> ABOUT THIS EXERCISE
Your answer must be the lines from the first one in the material through the line with "Coral Fleece Headband", retyped exactly and with no pictures.

> SUPPLIED INFORMATION
--- START ---

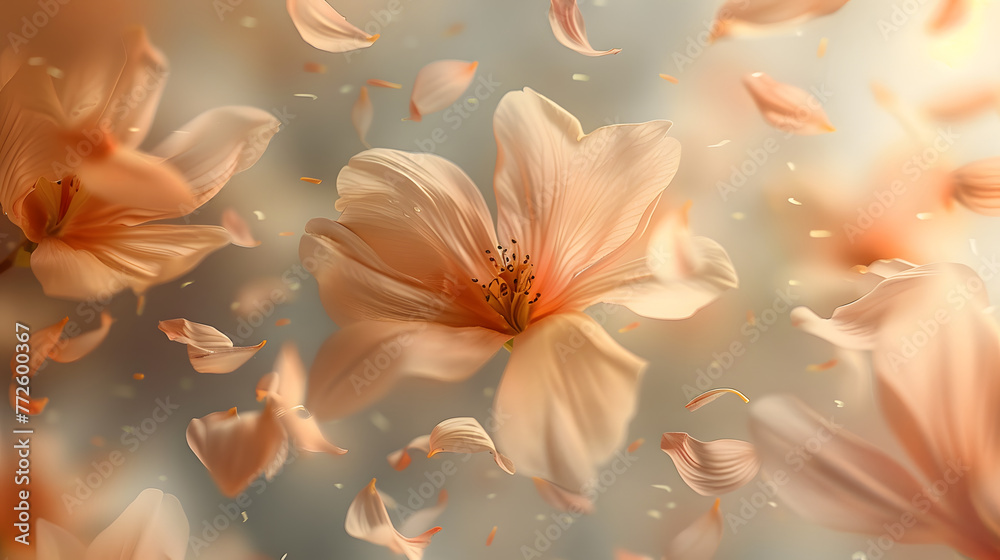 spring flowers floating in air, shallow depth of field spring flowers floating in air, shallow depth of field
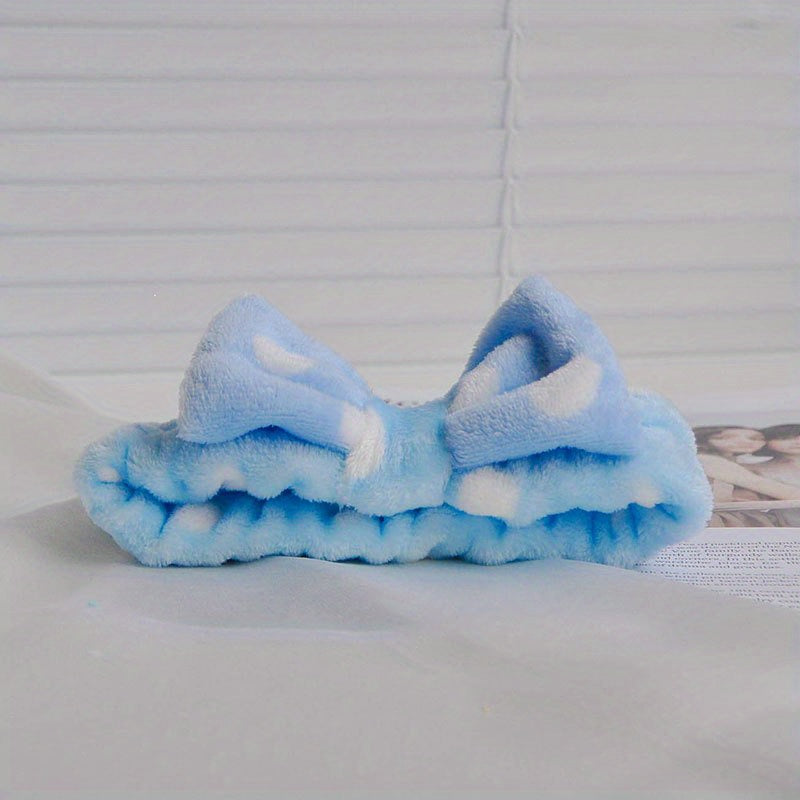 Coral Fleece Headband Bowknot Hair Band for Skincare
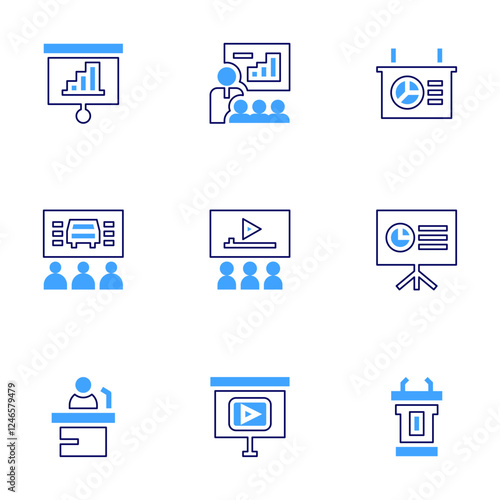 Presentation icon set. Bold line style. Duotone colors. Editable stroke. presentation, learn, class, spokesperson, lectern, speech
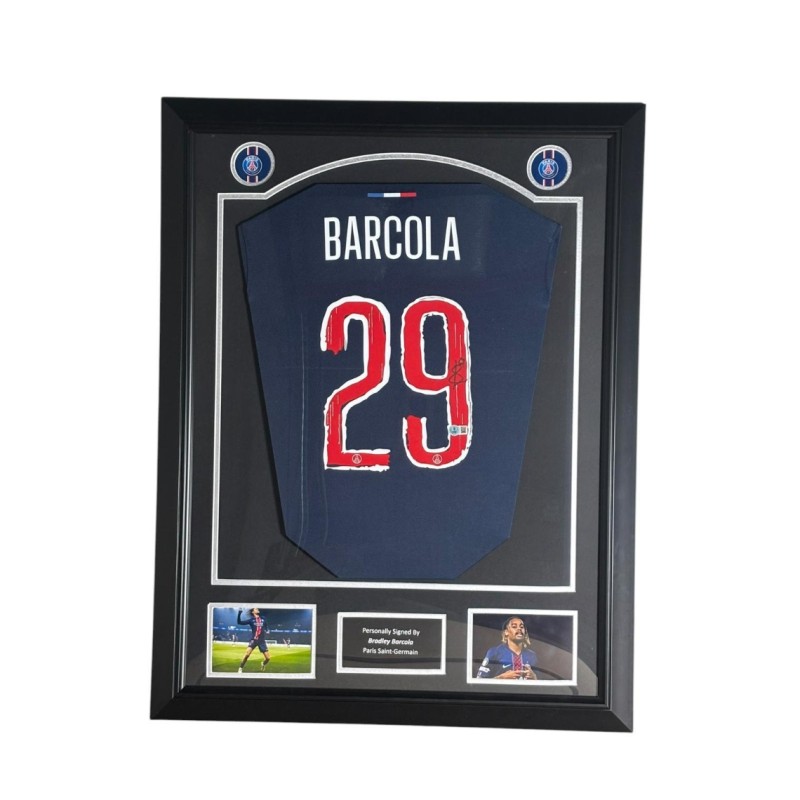 Bradley Barcola's Paris Saint-Germain Signed and Framed Shirt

--- END ---

> OUTPUT OF THE EXERCISE
 spring flowers floating in air, shallow depth of field spring flowers floating in air, shallow depth of field
 Coral Fleece Headband Bowknot Hair Band for Skincare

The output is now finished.